→ **Work instruction**: Please return the data that follows precisely as written, but without the images.

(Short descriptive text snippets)
● ● ●

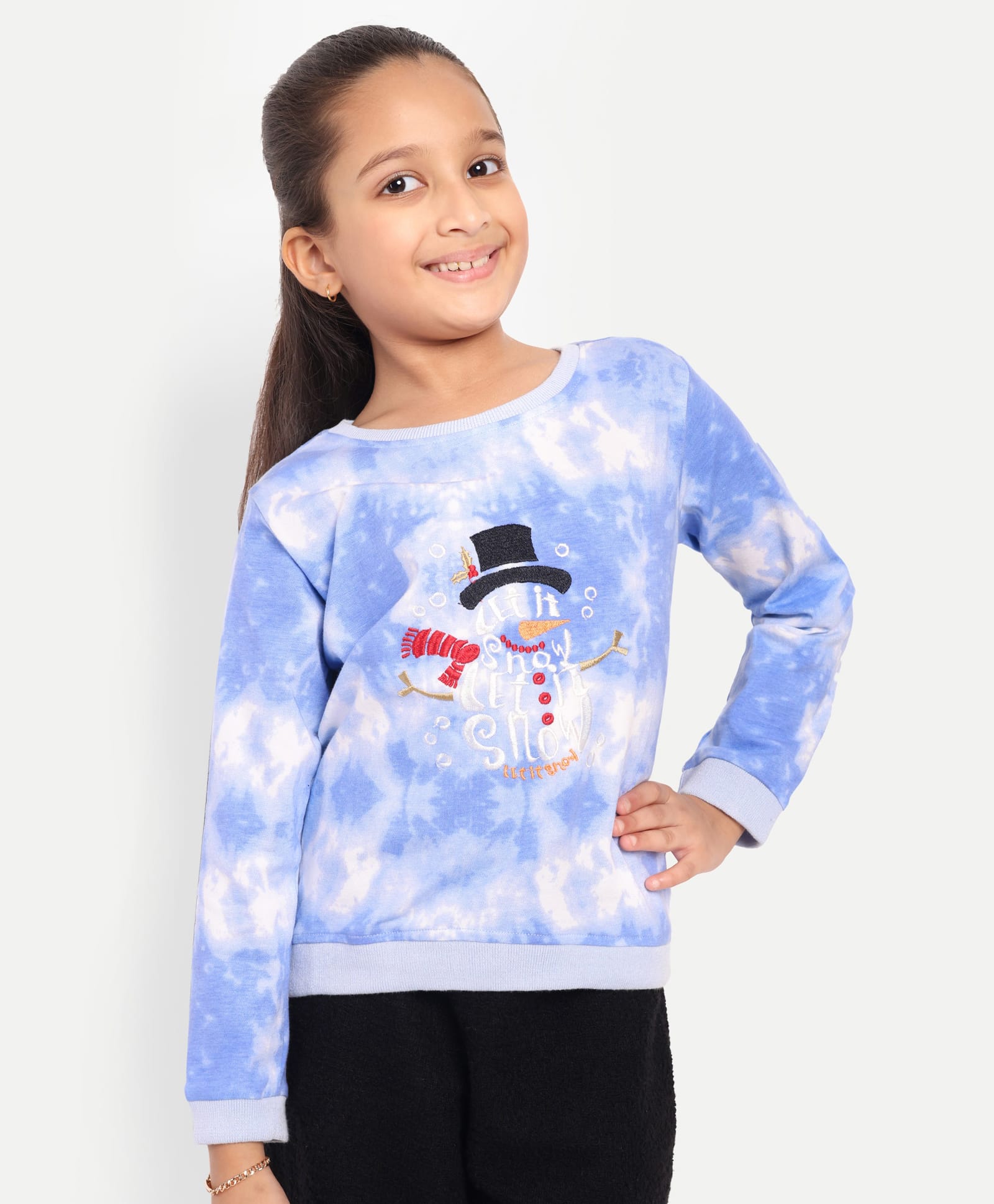 Nino Togs Cotton Knit Full Sleeves Tie Dye Snowman Embroidered Light Winter Sweatshirt - Blue-image-3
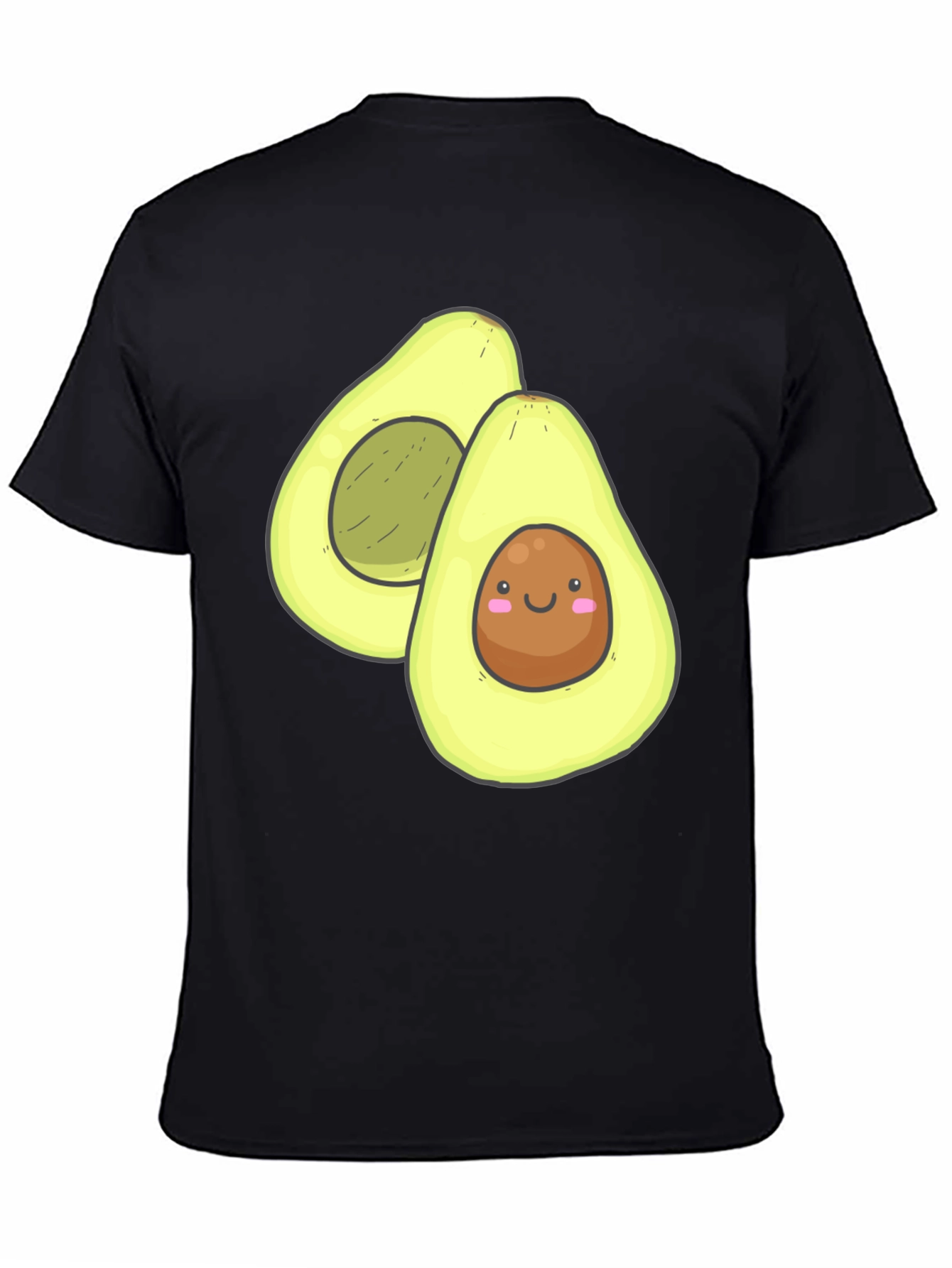 Cute Avocado Graphic Black T-Shirt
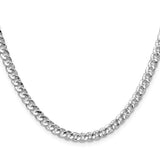925 White Gold 4.75 mm Curb Chain Necklace, Polished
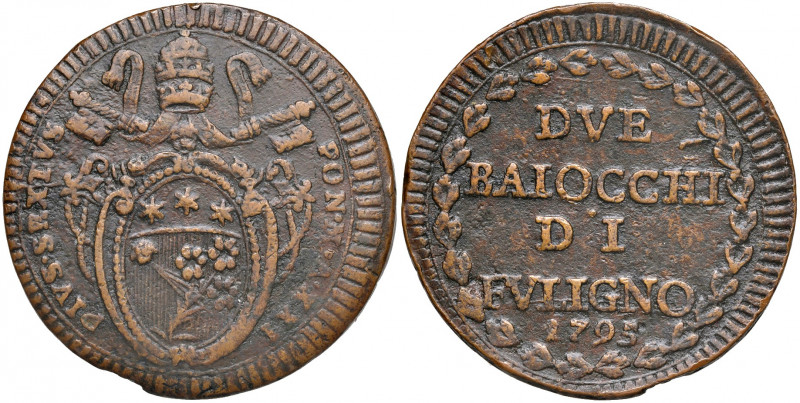 Foligno. Pio VI (1775-1799). Da 2 baiocchi 1795 anno XXI CU gr. 19,56. Muntoni 3...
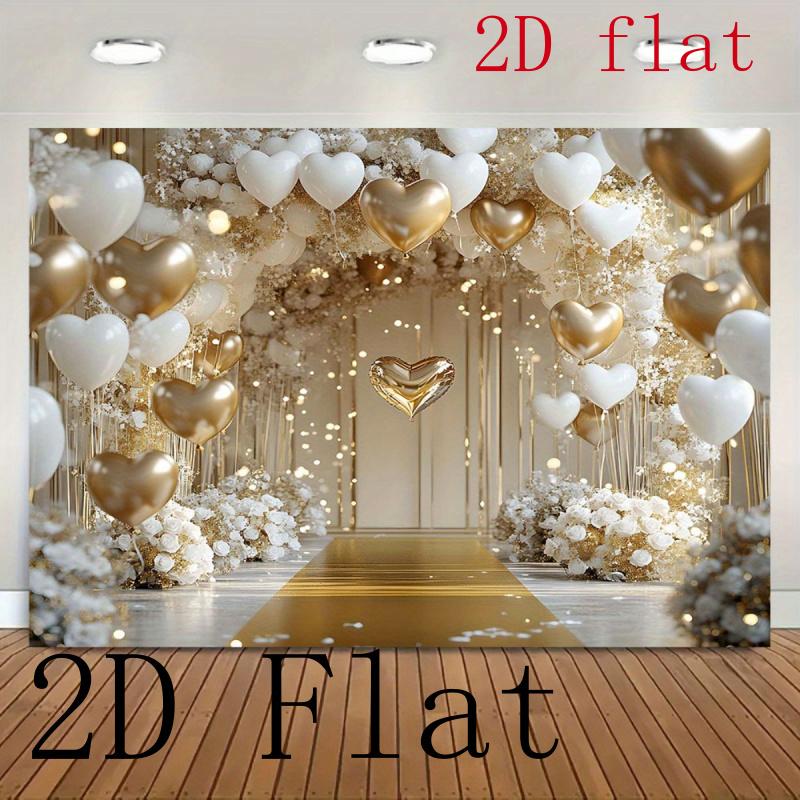 Ebene, ein großflächiger, eleganter floraler Ballonbogen-Hintergrund, geeignet für Hochzeiten und Babypartys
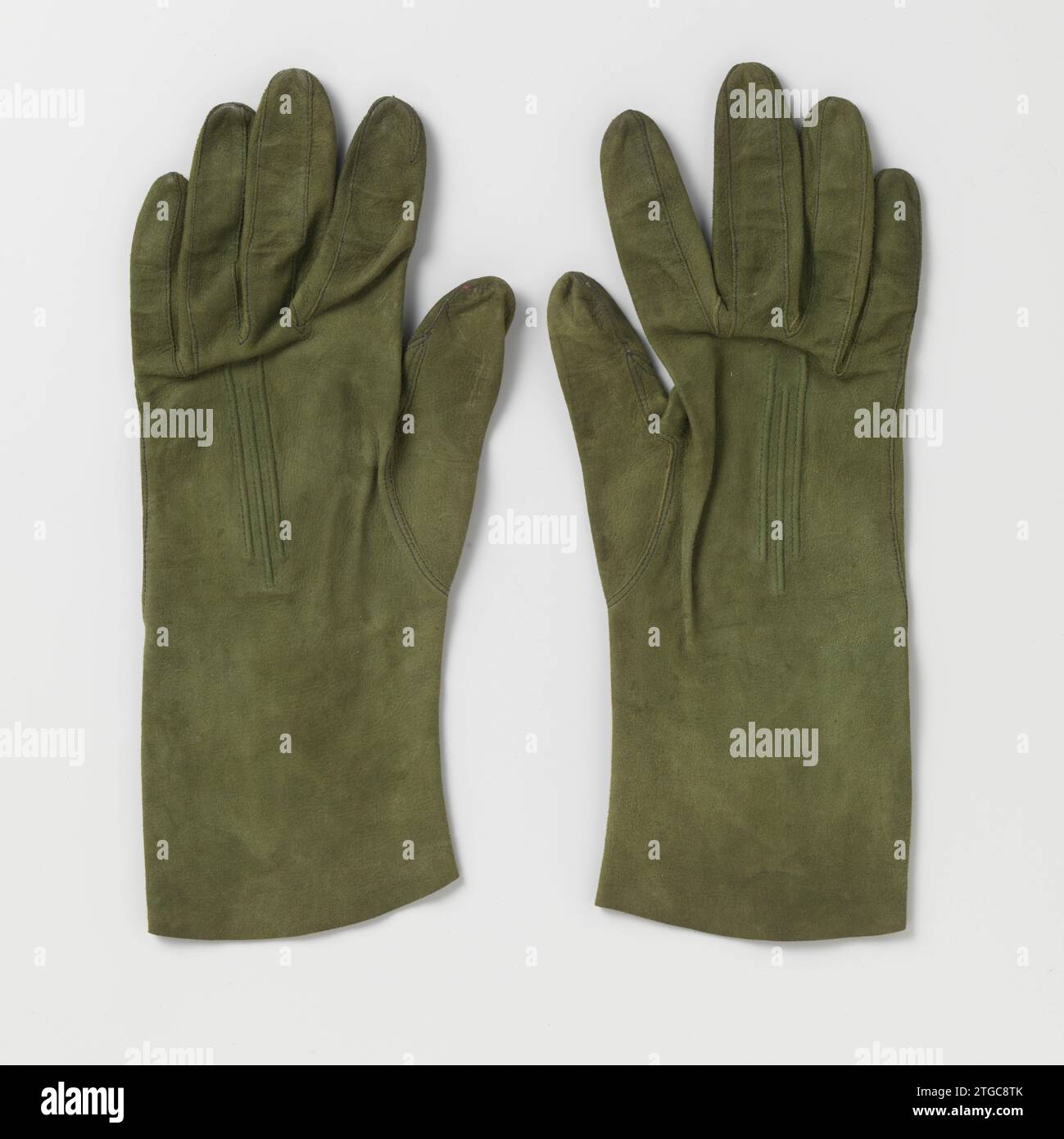 Paar Wildlederhandschuhe mit zurückziehenden Kordeln, anonym, ca. 1900 - ca. 1915 linker Handschuh aus grünem Wildleder, drei gestaffelte Kordeln auf der Rückseite. Niederlande ganz: Linker Wildlederhandschuh aus grünem Wildleder, drei gestaffelte Kordeln auf der Rückseite. Niederlande ganz: Wildleder Stockfoto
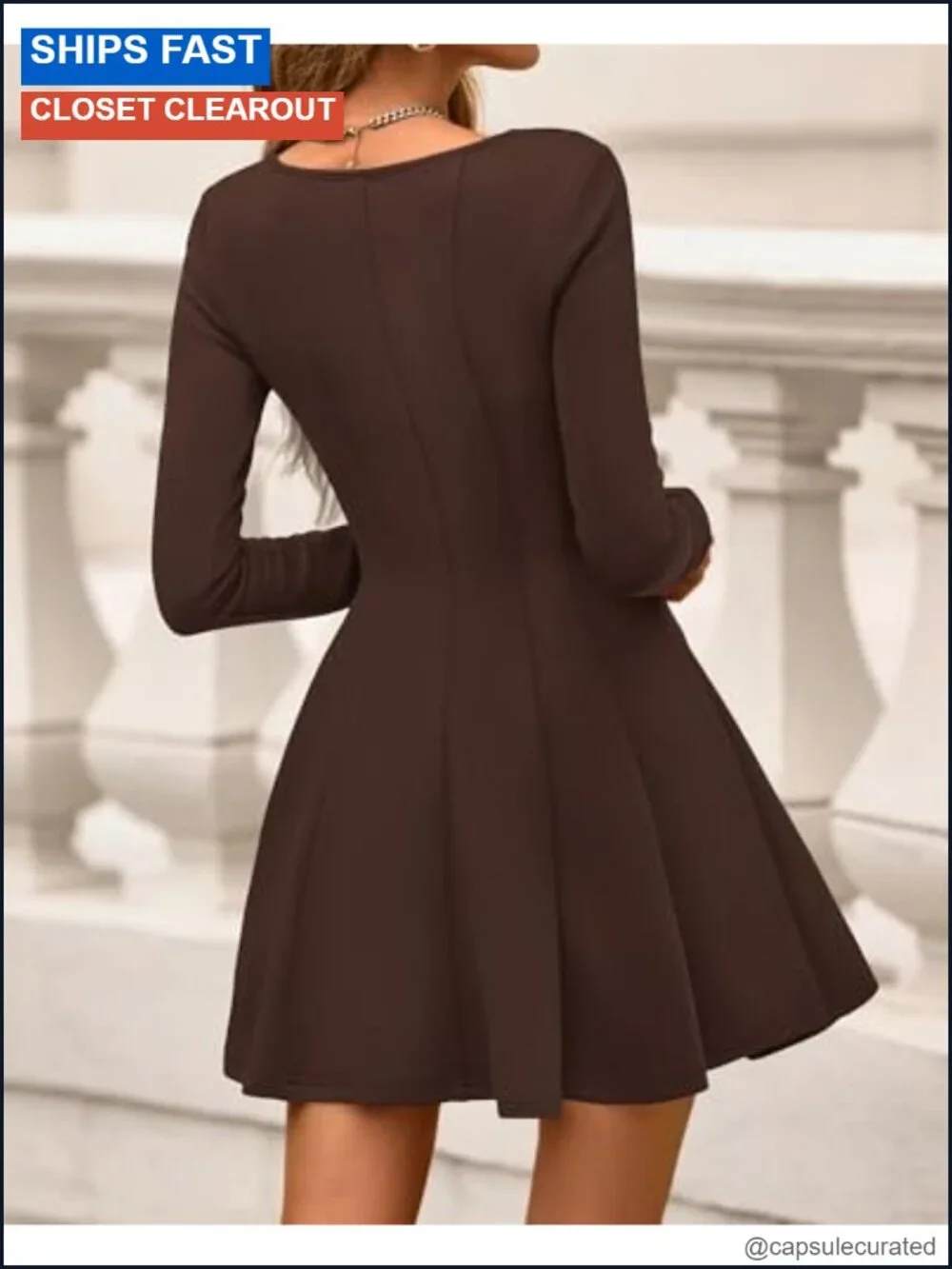 Knit A-Line Mini Dress Square Neck Long Sleeve Casual Spring Fall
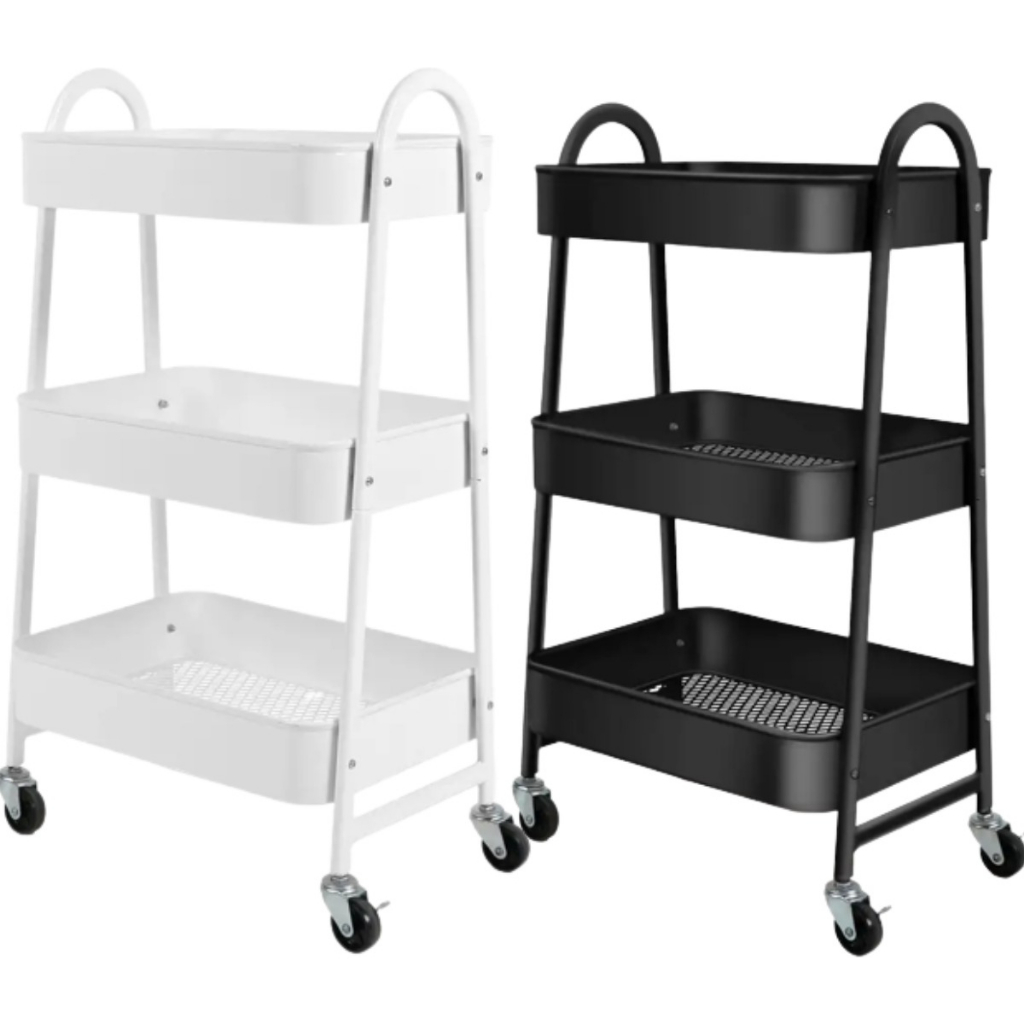 Prateleira Carrinho Organizador De Metal Multiuso 3 Andares - 46*30*77cm Com Rodinhas em Oferta na Shopee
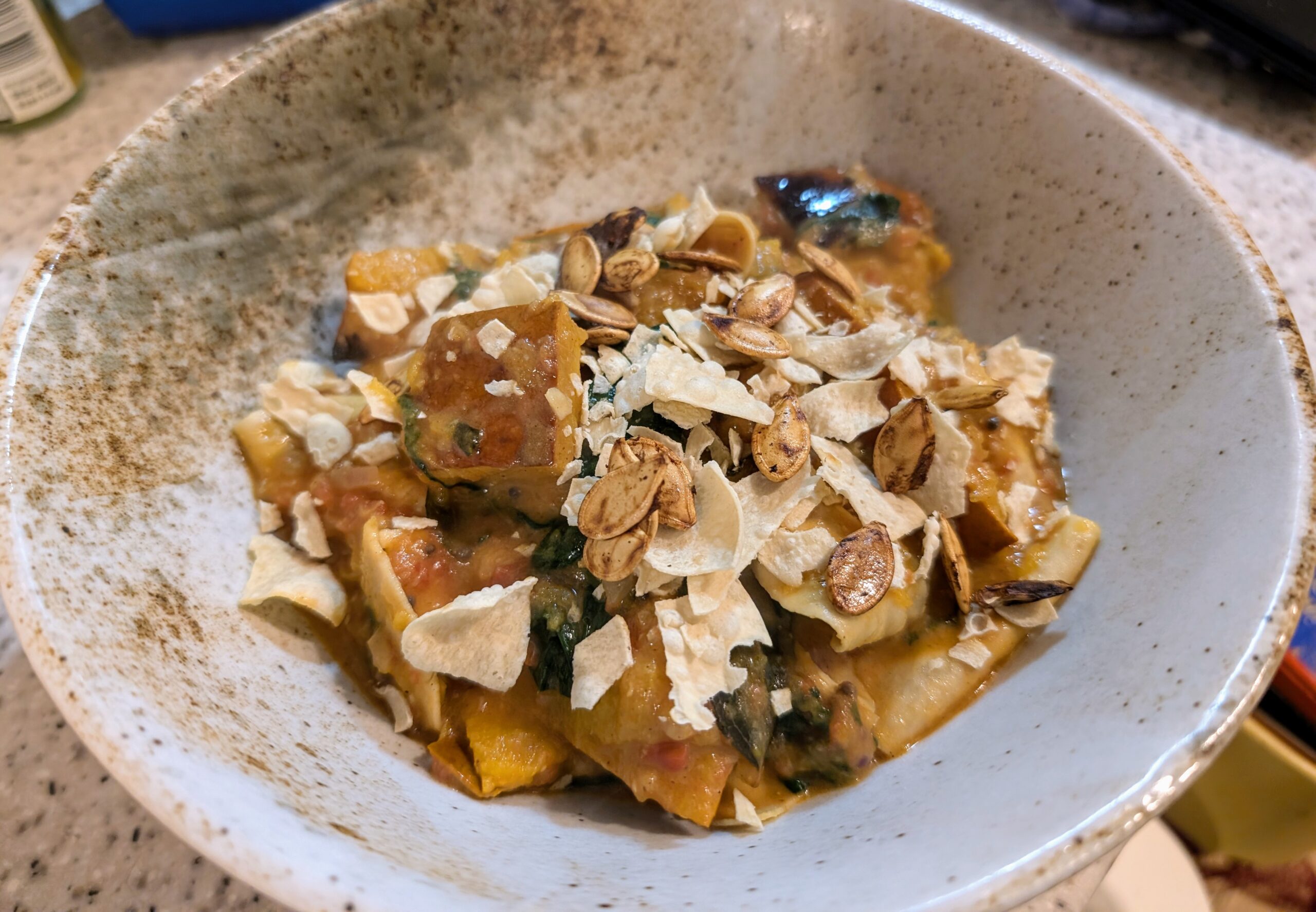 Butternut squash and poppadom curry
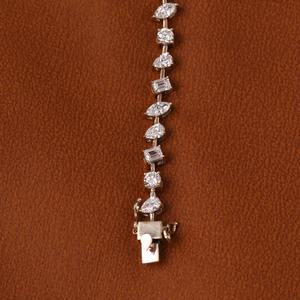 Luxury 925 Sterling <b>Silver</b> Gold Plated <b>Charm</b> <b>Bracelet</b> with Moissanite and Freshwater Pearl Hiphop Style for Women - Product Image 5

● ● ●

→ **Answer section**:
 Nino Togs Cotton Knit Full Sleeves Tie Dye Snowman Embroidered Light Winter Sweatshirt - Blue-image-3
 Cute Avocado Graphic Black T-Shirt
925 White Gold 4.75 mm Curb Chain Necklace, Polished
 Foligno. Pio VI (1775-1799). Da 2 baiocchi 1795 anno XXI CU gr. 19,56. Muntoni 3...
 Ebene, ein großflächiger, eleganter floraler Ballonbogen-Hintergrund, geeignet für Hochzeiten und Babypartys
 Paar Wildlederhandschuhe mit zurückziehenden Kordeln, anonym, ca. 1900 - ca. 1915 linker Handschuh aus grünem Wildleder, drei gestaffelte Kordeln auf der Rückseite. Niederlande ganz: Linker Wildlederhandschuh aus grünem Wildleder, drei gestaffelte Kordeln auf der Rückseite. Niederlande ganz: Wildleder Stockfoto
 Knit A-Line Mini Dress Square Neck Long Sleeve Casual Spring Fall
 Prateleira Carrinho Organizador De Metal Multiuso 3 Andares - 46*30*77cm Com Rodinhas em Oferta na Shopee
 Butternut squash and poppadom curry
 Luxury 925 Sterling <b>Silver</b> Gold Plated <b>Charm</b> <b>Bracelet</b> with Moissanite and Freshwater Pearl Hiphop Style for Women - Product Image 5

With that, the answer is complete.